New York city Taxi Drive duration

To improve the efficiency of taxi dispatching systems for such services, it is important to be able to predict how long a driver will have his taxi occupied. If a dispatcher knew approximately when a taxi driver would be ending their current ride, they would be better able to identify which driver to assign to each pickup request. This project is to build a model that predicts the total ride duration of taxi trips in New York City.

  1. Dictionary
  2. Let's check the data files!
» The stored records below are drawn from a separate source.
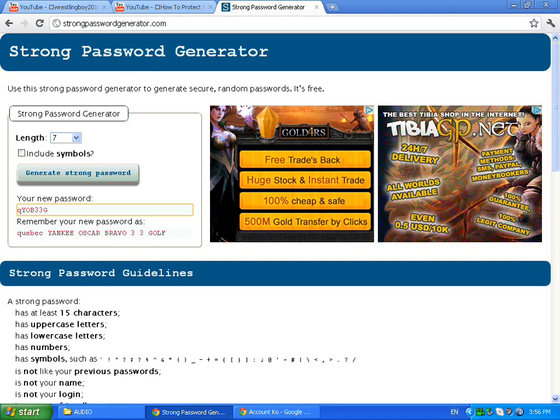I'm going to open the internet browser. I recently opened that and I go to this website. It's called strongpasswordgenerator.com.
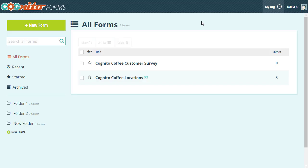Hey everyone! This is Nadia from the Cognito Forms team. In this video I'm going to show you how you can quickly and easily create cascading drop-downs on your forms using the lookup field.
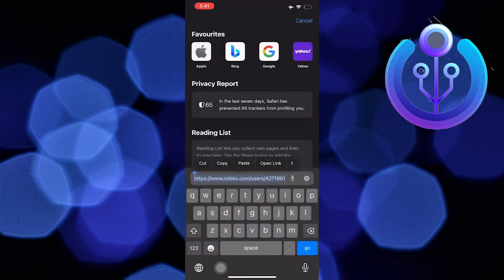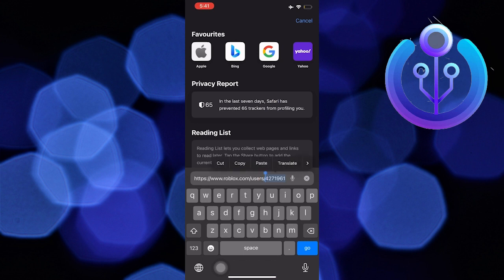Now, copy the number on the link of this page. This number right here is your user ID.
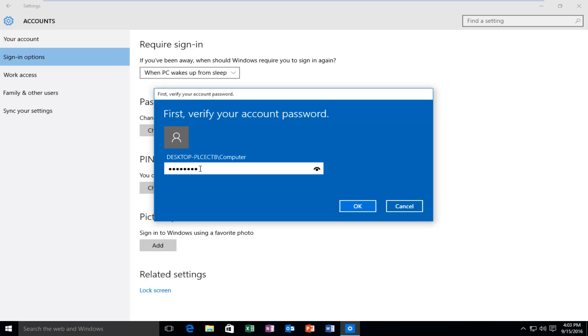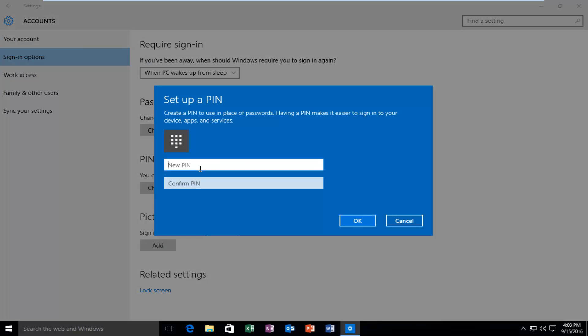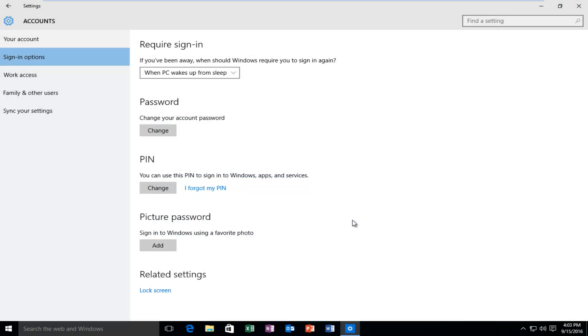Then you want to hit enter on your keyboard or left click on OK. Now at this point you can set up a new PIN. It has to be at least four digits, and then you're going to click on OK.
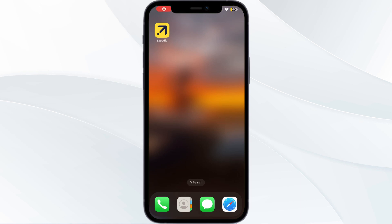Hello guys, welcome to another video in which we would be discussing about how to fix Expedia not showing flights. Are you having trouble that your Expedia app is not showing flights? Don't worry, in this video we will help you find a solution for it.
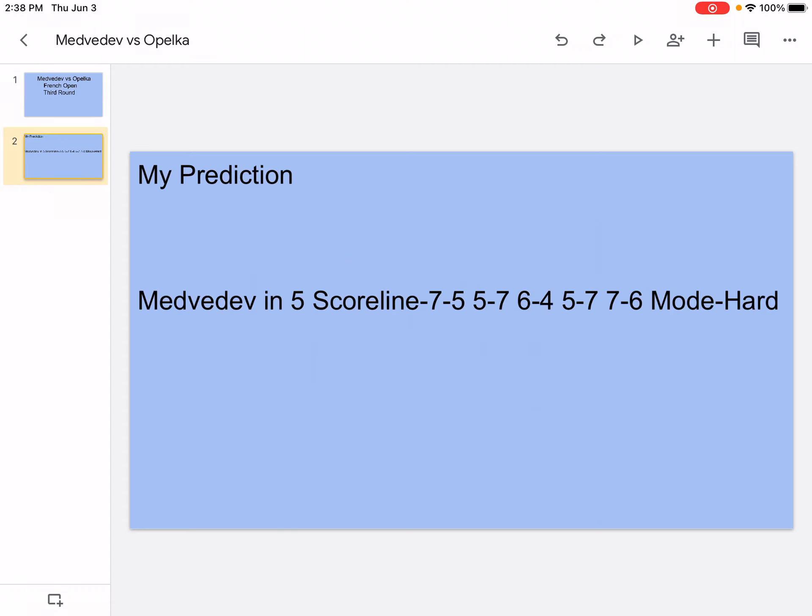My prediction: Medvedev in 5, score line 7-5, 5-7, 6-4, 5-7, 7-6. Mode hard. I think it'll be an insane match. I think you guys should definitely watch it. So yeah, let's get into the analysis.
According to the data description we should find the following columns:

    • id: a unique identifier for each trip.
    • vendor_id:a code indicating the provider associated with the trip record
    • pickup_datetime:date and time when the meter was engaged.
    • dropoff_datetime:date and time when meter was disengaged.
    • passenger_count:the number of passengers in the vehicle (driver entered value)
    • pickup_longitude:the longitud where the meter eas engaged
    • pickup_latitude: the latitude where the meter was engaged
    • dropoff_longitude: the longitude where the meter was disengaged
    • dropoff_latitude: the latitude where the meter was disengaged
    • store_and_fwd_flag: this flag indicates whether the trip record was held in vehicle memory before sending to the vendor because the vehicle did not have a connection to the server (Y=store and forward; N=not a store and forward trip)
    • trip_duration: (target) duration of the trip in seconds

    Here, we have 2 variables dropoff_datetime and store_and_fwd_flag which are not available before the trip starts and hence will not be used as features to the model.

  3. Data Analysis
  4. Here, you can find googlee Colab notebook: Data Analysis of NYC taxi trip duration.

  5. Conclusions:
    • The majority of rides follow a rather smooth distribution that looks almost log-normal with a peak just around exp(6.5) i.e. about 17 minutes.
    • There are several suspiciously short rides with less than 10 seconds duration.
    • As discussed earlier, there are a few huge outliers near 12.
    • Most of the trips involve only 1 passenger. There are trips with 7-9 passengers but they are very low in number.
    • Vendor 2 has more number of trips as compared to vendor 1
    • Number of pickups for weekends is much lower than week days with a peak on Thursday (4). Note that here weekday is a decimal number, where 0 is Sunday and 6 is Saturday.
    • Number of pickups as expected is highest in late evenings. However, it is much lower during the morning peak hours.
    • We see that most trips are concentrated between these lat long only with a few significant clusters. These clusters are represented by the numerous peaks in the lattitude and longitude histograms
    • Trip durations are definitely shorter for late night and early morning hours that can be attributed to low traffic density
    • It follows a similar pattern when compared to number of pickups indicating a correlation between number of pickups and trip duration
    • Median trip duration does not vary much as can be seen from the above plot for different vendors.
    • The boxplot clearly shows that there not much of a difference in distribution for the most frequently occuring passenger count values - 1, 2, 3.
    • Another key observation is that the number of outliers are reduced for higher passenger counts but that only comes down to the individual frequencies of each passenger count.
    • From the correlation heatmap we see that the lattitude and longitude features have higher correlation with the target as compared to the other features.